Bei Gang Nr. 4 wurden Erinnerungen an den gebratenen Seeteufel vom letzten Besuch im Mai wach. Diesmal lag eine saftig kompakte Tranche vom Kabeljau auf angenehm dezenter Curry-Sabayon. Die leicht pikante Ras-el-Hanout-Würze des festfleischigen Fischfilets wurde von den beiden vegetabilen Mitstreitern auf dem Teller geschmacklich passend eingerahmt. Eine perfekt gegarte, noch leicht bissfeste Mini-Zucchini, die mit zarter Blüte dem heißen Dampf entnommen war, sowie ein süßlich-milder Karottencrème-Streifen sorgten für eine gelungene Balance zwischen rustikaler Breite und filigranem Feinsinn.
Beim folgenden Gang, dem pochierten Kalbsfilet, goss der Küchenchef am Tisch die intensiv duftende Kalbsjus neben das mürbe, von orientalischer Würzmischung ummantelte Prachtstück. Auch hier wieder ein aromatisch voll aufgeladener Teller, der jedoch keineswegs über die Stränge schlug. Schon der Klecks vom tadellos abgeschmeckten, schmelzigen Auberginenpüree war zum Reinlegen. Der arabische Klassiker „Baba Ganoush“ ließ grüßen. Zusammen mit einem erdigen Stück von der Roten Beete und einem leicht bitteren Blatt Radicchio ein eher puristisch konzipierter Fleischgang, dessen bewusste Reduktion auf klare Aromen ein äußerst wohlschmeckendes Kleinkunstwerk entstehen ließ. So geht charakterstarke Produktküche: ohne viel Schnickschnack und Gourmetgedöns punktgenau und stimmig auf den Teller gebracht. Chapeau!
Und was Süßes zum Naschen hatte die Bettioui-Brigade ja auch noch auf Lager. Wie eine Art gebackener Flan lag ein cremig-softer „Kuchenkeil“ neben fruchtig-säuerlichem Pfirsichsorbet. Ein paar Saucentupfer von der Passionsfrucht und zwei vollreife Pfirsichstücke (keine plattgedrückten aus Paraguay!) rundeten den gelungenen Nachtischgang ab.
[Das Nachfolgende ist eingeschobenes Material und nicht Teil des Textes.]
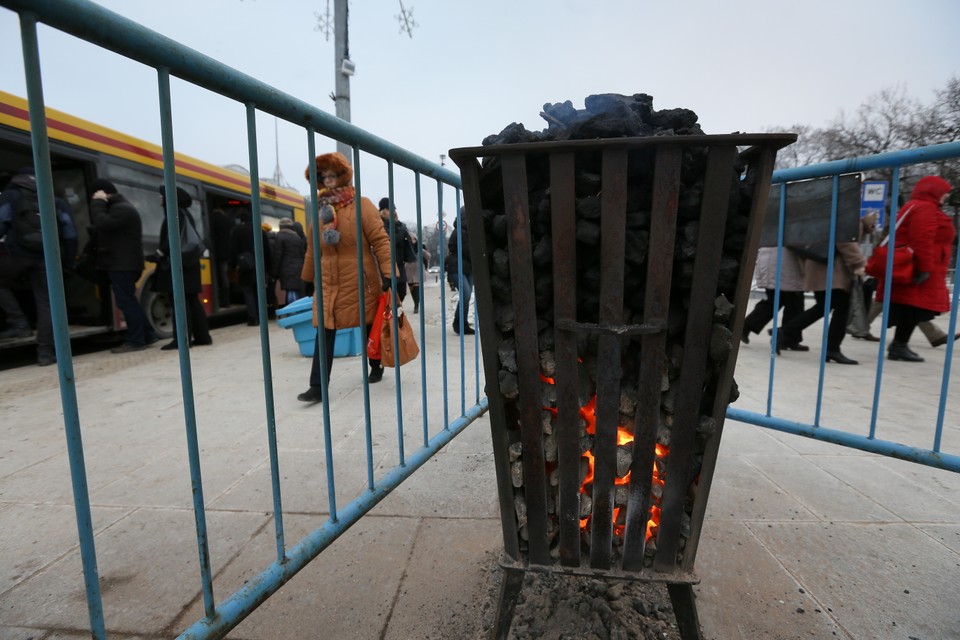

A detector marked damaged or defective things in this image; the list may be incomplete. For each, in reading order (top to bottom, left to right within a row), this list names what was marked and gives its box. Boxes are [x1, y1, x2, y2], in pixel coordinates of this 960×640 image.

rusty metal grate [450, 132, 796, 636]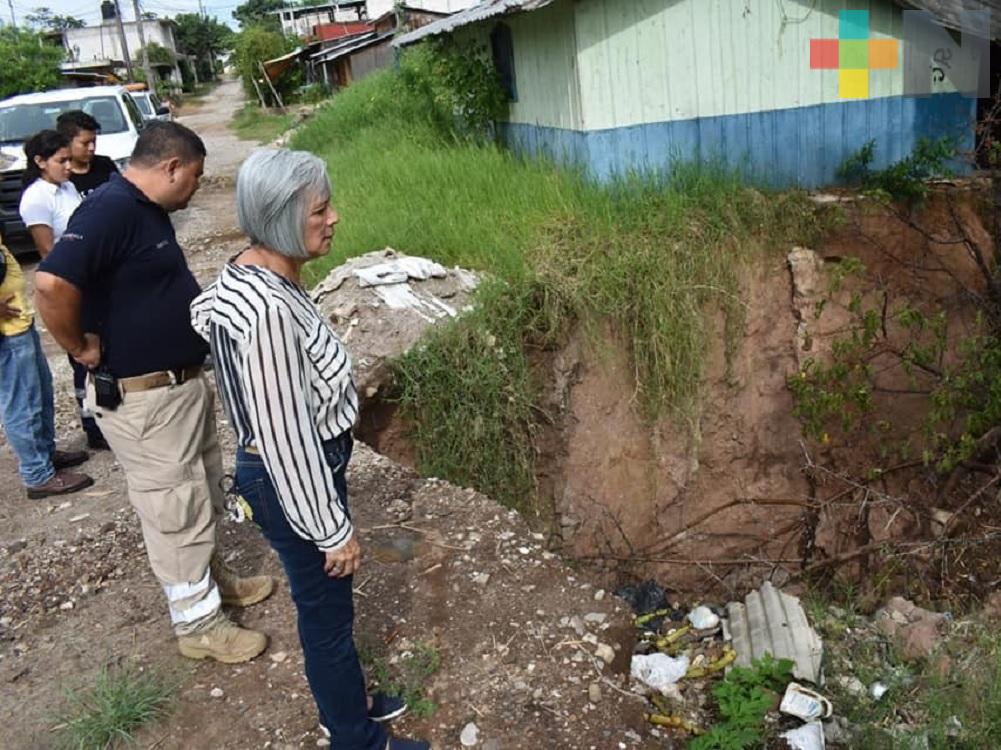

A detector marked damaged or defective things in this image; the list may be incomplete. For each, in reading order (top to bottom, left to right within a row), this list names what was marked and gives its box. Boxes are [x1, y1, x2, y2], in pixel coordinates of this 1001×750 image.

rusty metal roof [390, 0, 560, 47]
rusty metal roof [728, 580, 820, 680]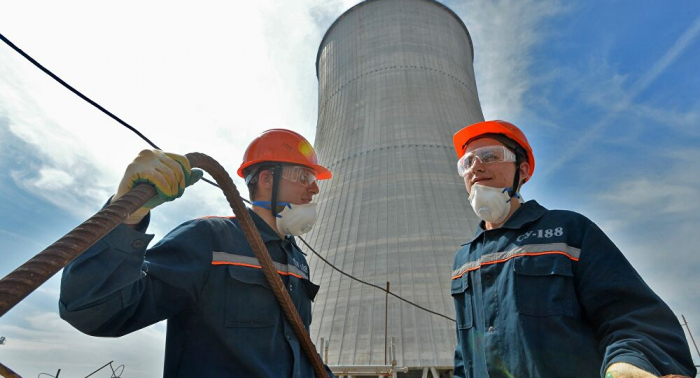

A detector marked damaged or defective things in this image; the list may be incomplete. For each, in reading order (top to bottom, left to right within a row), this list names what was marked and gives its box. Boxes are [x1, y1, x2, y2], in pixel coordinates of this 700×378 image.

bent steel rebar [0, 152, 326, 378]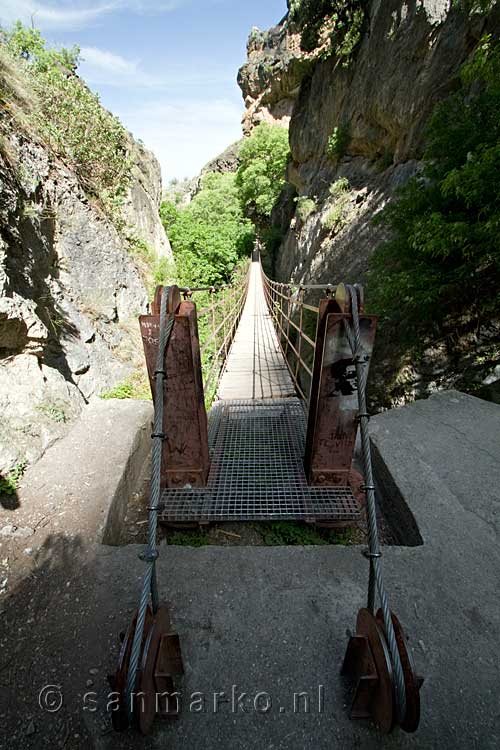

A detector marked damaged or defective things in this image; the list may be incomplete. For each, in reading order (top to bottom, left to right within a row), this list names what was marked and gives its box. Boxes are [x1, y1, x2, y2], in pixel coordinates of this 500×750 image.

rusty red metal post [138, 284, 210, 490]
rusty red metal post [302, 284, 376, 490]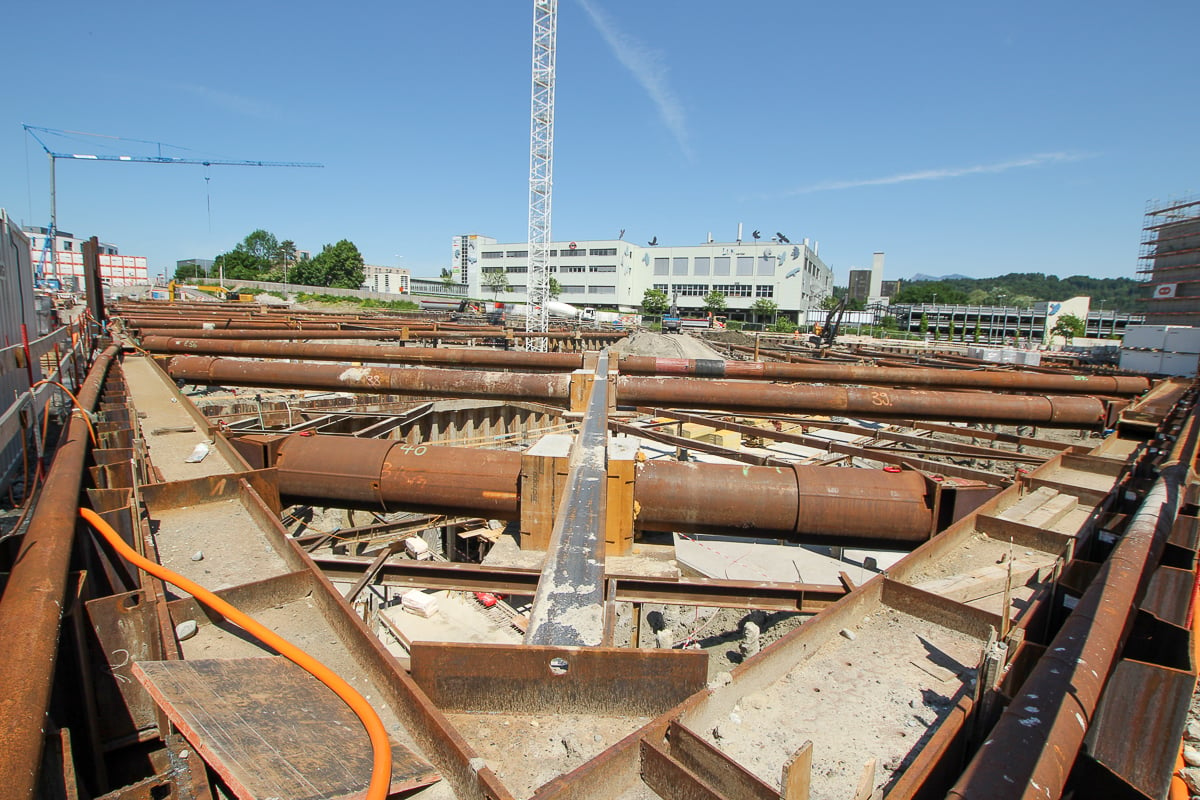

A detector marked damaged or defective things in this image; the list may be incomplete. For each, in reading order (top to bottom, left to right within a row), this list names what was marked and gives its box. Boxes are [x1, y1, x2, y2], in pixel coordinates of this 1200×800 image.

rusty steel beam [143, 338, 584, 376]
rusty steel beam [165, 356, 572, 406]
rusty steel beam [616, 376, 1112, 432]
rusty steel beam [616, 354, 1152, 396]
rusty steel beam [270, 434, 936, 548]
rusty steel beam [0, 344, 119, 800]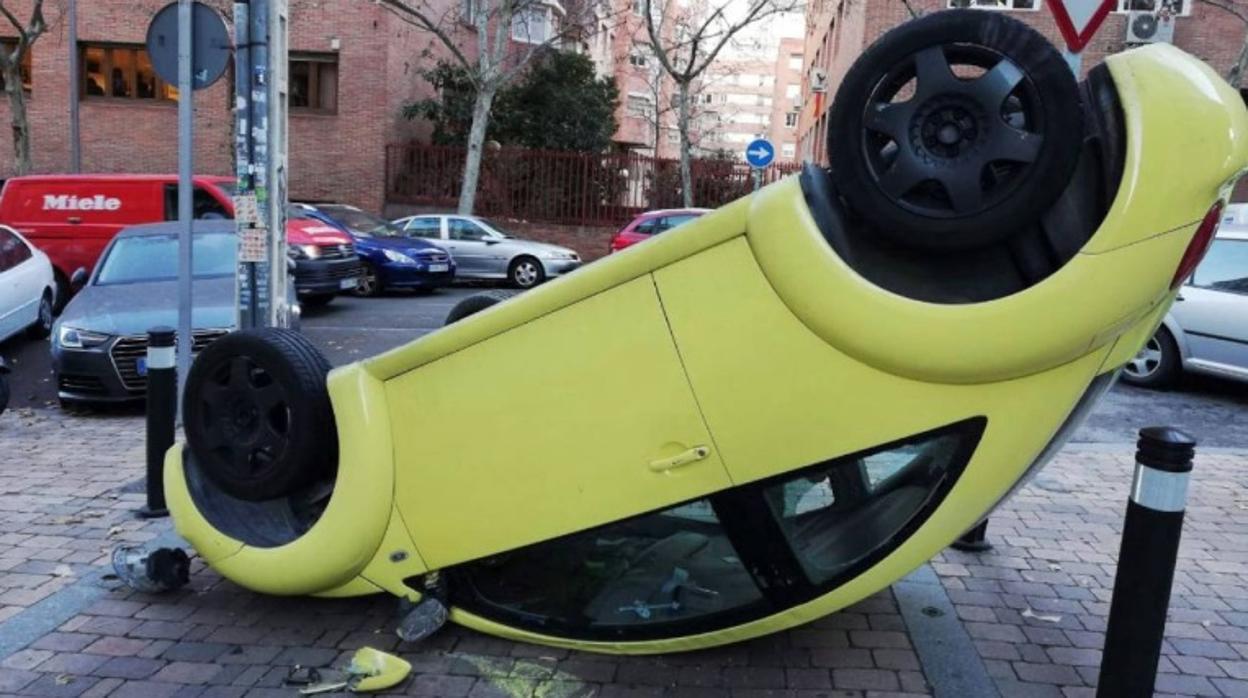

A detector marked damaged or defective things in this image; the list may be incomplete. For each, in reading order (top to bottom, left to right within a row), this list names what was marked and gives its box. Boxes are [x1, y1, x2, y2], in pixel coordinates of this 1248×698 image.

overturned yellow car [166, 10, 1248, 652]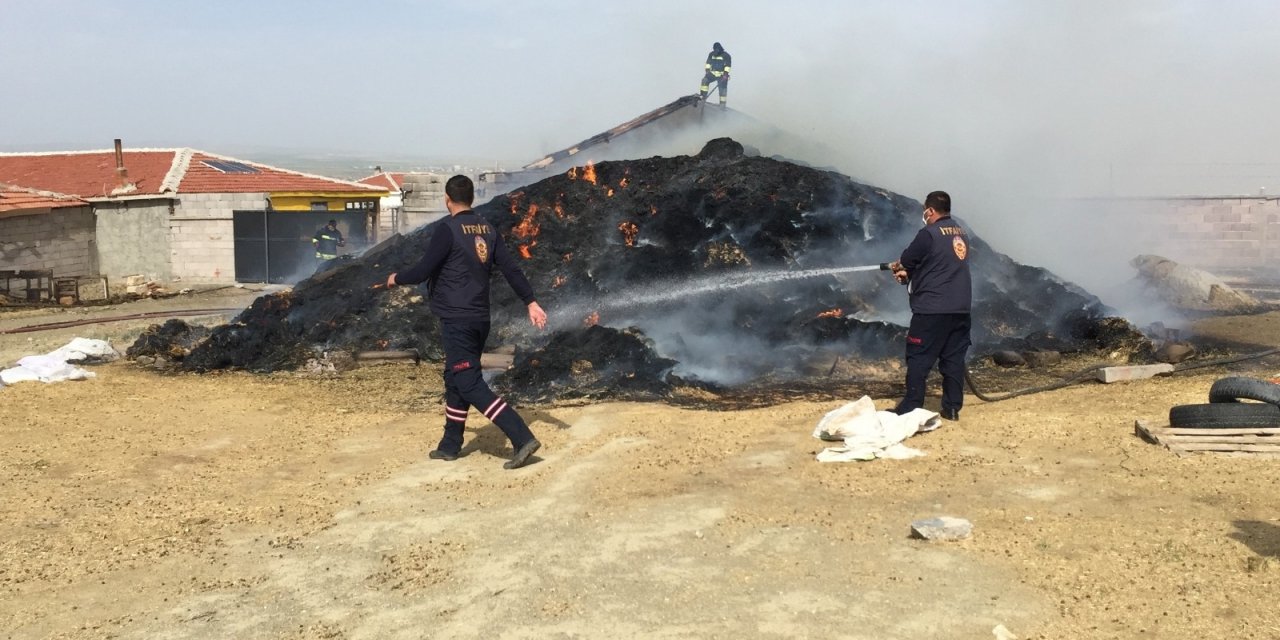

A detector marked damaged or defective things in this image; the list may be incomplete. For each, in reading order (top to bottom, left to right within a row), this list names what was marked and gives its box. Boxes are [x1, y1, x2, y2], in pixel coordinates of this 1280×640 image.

charred hay [162, 138, 1141, 401]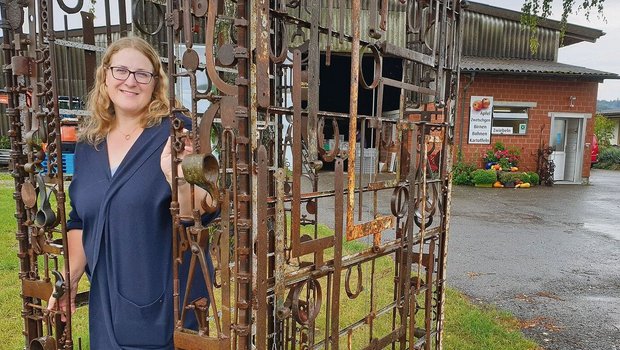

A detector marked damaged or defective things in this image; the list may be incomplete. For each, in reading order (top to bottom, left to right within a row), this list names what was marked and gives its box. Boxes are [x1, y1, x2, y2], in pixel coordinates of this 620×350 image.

rusty metal sculpture [2, 0, 460, 348]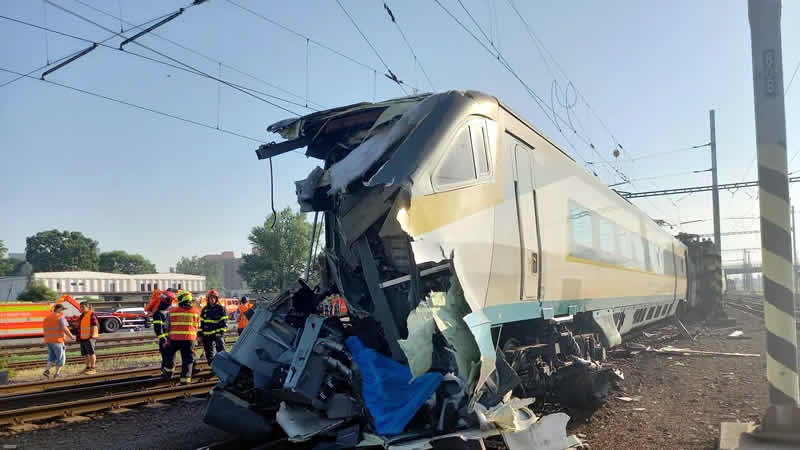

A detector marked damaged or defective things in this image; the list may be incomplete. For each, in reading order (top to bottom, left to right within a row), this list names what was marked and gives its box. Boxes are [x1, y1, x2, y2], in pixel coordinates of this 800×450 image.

torn metal sheet [276, 400, 346, 442]
wrecked train [205, 91, 700, 446]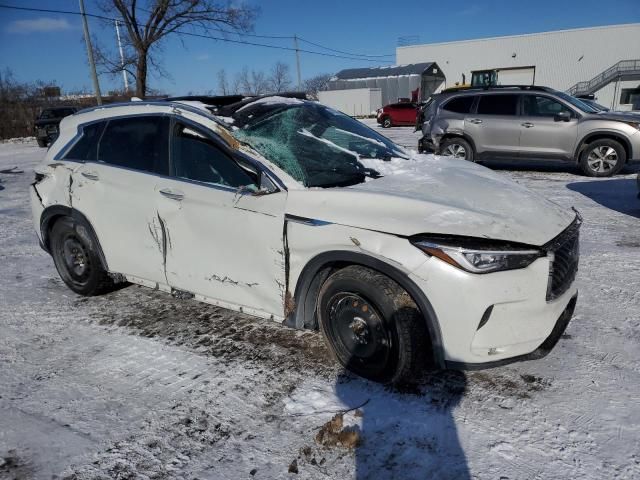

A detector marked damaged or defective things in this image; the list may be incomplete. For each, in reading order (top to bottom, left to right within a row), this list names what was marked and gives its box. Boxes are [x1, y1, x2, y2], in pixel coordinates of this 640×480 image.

shattered windshield [232, 101, 408, 188]
dented door panel [69, 164, 168, 284]
dented door panel [156, 178, 286, 320]
damaged white suv [28, 95, 580, 384]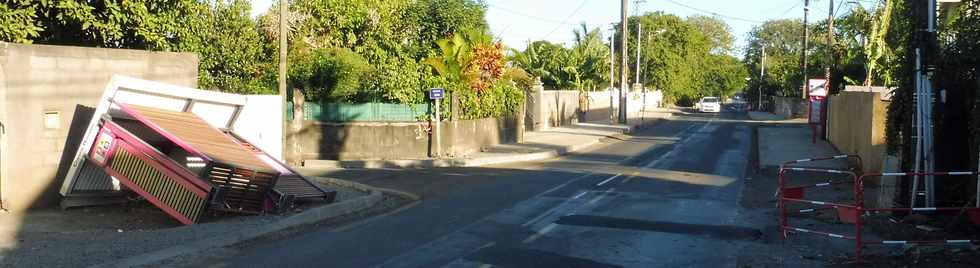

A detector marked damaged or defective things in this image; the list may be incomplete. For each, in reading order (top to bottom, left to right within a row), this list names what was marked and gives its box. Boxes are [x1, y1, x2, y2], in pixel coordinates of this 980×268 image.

collapsed bus shelter [62, 75, 336, 224]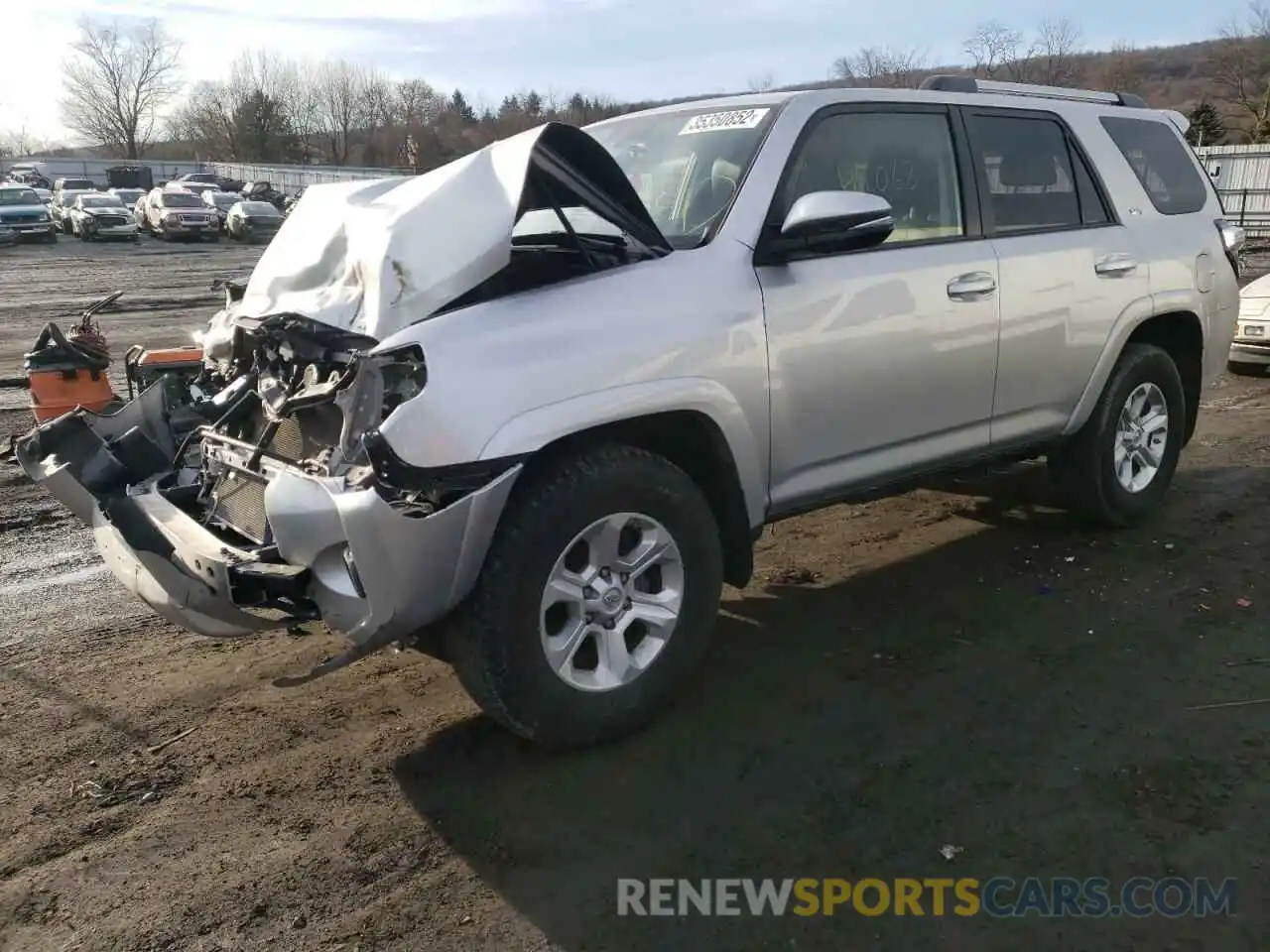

Als süße Mignardisen wurden uns kurz vor der Verabschiedung noch zwei mit Vanille-Crème gefüllte Macarons spendiert. So endete dieser facettenreiche, marokkanisch angehauchte Soulfood-Abend genauso wohlschmeckend wie er begann. Klare, kontrastreiche Aromen zeichnen Faycal Bettiouis Kochstil aus. Bei seinen zupackenden Kreationen setzt er auf füllige Geschmacksbilder und texturelle Abwechslung. Das gelingt, macht Eindruck und ist der richtige Schritt zum Sprung aufs nächst höhere Level. Das exzellente Preis-Genuss-Verhältnis möchte ich eigentlich gar nicht mehr erwähnen, da es sich schon herum gesprochen hat und die Chance auf einen der wenigen Plätze immer geringer zu werden scheint.